Analysis

Lawmakers Suspect Illegality in Privatized Tax Collection Program

File this under “We Told You So.”

Barely two months into the IRS’s latest attempt to outsource federal tax debt collection to private companies, one of the companies—Pioneer Credit Recovery—has been singled out by lawmakers for possibly engaging in illegal collection practices. The IRS’s private debt collection program was mandated by Congress through a provision inserted into a highway funding bill President Obama signed into law in 2015.

Last week, a group of Democratic Senators led by Elizabeth Warren (D-MA) sent a letter to Pioneer and its parent company, Navient, expressing concern that Pioneer’s employees may be using illegal and abusive collection tactics in the IRS program. The Senators obtained the call scripts Pioneer is using when it contacts delinquent taxpayers and found “several instances of troubling language” that may violate the law, IRS policies, or the terms of Pioneer’s contract. For example, the scripts show Pioneer is not adequately protecting taxpayers from telephone scammers and is pushing taxpayers into financially risky repayment options.

This development is not surprising.

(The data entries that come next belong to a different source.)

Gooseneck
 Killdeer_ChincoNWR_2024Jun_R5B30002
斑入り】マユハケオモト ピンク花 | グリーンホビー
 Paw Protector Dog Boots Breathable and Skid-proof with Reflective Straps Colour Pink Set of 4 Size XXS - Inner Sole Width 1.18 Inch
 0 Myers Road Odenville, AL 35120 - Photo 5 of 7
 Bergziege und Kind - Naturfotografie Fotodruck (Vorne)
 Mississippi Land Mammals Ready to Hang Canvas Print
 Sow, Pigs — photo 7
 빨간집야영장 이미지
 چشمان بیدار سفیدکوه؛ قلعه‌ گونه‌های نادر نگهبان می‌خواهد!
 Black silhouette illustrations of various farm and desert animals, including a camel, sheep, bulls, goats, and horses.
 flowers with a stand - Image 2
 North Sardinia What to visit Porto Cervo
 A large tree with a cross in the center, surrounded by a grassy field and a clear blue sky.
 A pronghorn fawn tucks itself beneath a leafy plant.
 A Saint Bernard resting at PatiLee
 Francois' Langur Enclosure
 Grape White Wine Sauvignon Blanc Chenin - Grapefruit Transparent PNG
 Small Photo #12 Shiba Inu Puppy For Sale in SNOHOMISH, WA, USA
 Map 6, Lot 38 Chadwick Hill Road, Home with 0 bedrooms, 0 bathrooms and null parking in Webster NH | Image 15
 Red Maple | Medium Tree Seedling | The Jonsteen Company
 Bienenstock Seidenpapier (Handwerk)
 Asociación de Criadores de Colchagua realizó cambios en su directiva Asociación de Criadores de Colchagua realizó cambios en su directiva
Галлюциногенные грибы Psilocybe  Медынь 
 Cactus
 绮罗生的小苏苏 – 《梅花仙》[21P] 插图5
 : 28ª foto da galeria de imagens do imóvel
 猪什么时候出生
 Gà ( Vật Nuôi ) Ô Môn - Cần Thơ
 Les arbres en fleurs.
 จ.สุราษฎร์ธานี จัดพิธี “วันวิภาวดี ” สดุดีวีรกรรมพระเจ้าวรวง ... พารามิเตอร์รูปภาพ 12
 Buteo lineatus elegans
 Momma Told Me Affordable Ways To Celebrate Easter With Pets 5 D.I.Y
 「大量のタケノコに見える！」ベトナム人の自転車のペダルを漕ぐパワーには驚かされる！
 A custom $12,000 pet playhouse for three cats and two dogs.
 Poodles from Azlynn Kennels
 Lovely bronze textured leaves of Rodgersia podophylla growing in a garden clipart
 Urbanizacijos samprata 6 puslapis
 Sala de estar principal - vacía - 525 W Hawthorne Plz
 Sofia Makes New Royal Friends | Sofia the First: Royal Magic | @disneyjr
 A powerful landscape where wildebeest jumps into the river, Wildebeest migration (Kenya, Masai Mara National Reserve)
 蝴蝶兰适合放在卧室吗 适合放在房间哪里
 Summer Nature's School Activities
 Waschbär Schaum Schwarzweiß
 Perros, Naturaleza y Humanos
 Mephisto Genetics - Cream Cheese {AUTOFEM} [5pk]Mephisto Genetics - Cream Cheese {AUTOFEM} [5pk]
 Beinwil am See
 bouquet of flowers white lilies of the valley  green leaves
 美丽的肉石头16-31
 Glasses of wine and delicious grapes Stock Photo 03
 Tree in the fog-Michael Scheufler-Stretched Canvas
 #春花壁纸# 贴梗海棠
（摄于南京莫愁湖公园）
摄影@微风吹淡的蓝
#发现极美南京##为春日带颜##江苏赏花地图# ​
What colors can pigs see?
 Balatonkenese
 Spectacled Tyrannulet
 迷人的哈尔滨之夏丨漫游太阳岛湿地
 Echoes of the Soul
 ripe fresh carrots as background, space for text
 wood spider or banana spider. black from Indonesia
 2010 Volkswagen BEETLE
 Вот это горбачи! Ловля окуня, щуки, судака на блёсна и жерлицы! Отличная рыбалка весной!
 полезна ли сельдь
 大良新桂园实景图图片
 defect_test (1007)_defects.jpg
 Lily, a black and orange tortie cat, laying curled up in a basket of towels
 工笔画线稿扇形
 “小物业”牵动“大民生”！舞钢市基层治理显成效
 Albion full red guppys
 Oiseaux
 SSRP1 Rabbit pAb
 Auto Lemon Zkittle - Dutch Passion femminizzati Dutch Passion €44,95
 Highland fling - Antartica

Last year, when the IRS announced a plan to hire Pioneer and three other companies to help collect unpaid federal income taxes, we expressed our skepticism. We pointed out that two previous attempts to use private debt collectors ended in failure: both times, program costs offset the amount of revenue collected, and taxpayers complained of abusive and underhanded collection tactics.

We also noted that Pioneer, which took part in one of the ill-fated debt collection programs, has a history of questionable conduct. A 2012 Bloomberg exposé of the student loan collection industry highlighted Pioneer for its particularly coercive and deceptive techniques. In February 2015, the Department of Education terminated Pioneer's contract after finding the company had made “materially inaccurate representations” to federal student loan borrowers. One year later, Pioneer and another debt collection company paid $575,000 to settle alleged violations of the Fair Debt Collection Practices Act and the Electronic Fund Transfer Act. Presently, the Consumer Financial Protection Bureau is suing Pioneer and Navient “for systematically and illegally failing borrowers at every stage of repayment” by using “shortcuts and deception.” (For what it’s worth, Pioneer’s website pledges “fair treatment and quality service,” assuring federal tax debtors “we comply with debt collection rules and consumer protections.”)

The Senators are concerned that abuses in the program go beyond Pioneer, implying in their letter that the other collection companies may also be pushing the legal boundaries. Earlier this month, Treasury Secretary Steven Mnuchin testified at a Congressional hearingthat he supports using private collection firms “after all other means have been used,” but he seemed genuinely disturbed by Pioneer’s track record and promised to have the IRS report back to him later this year with an evaluation of the program.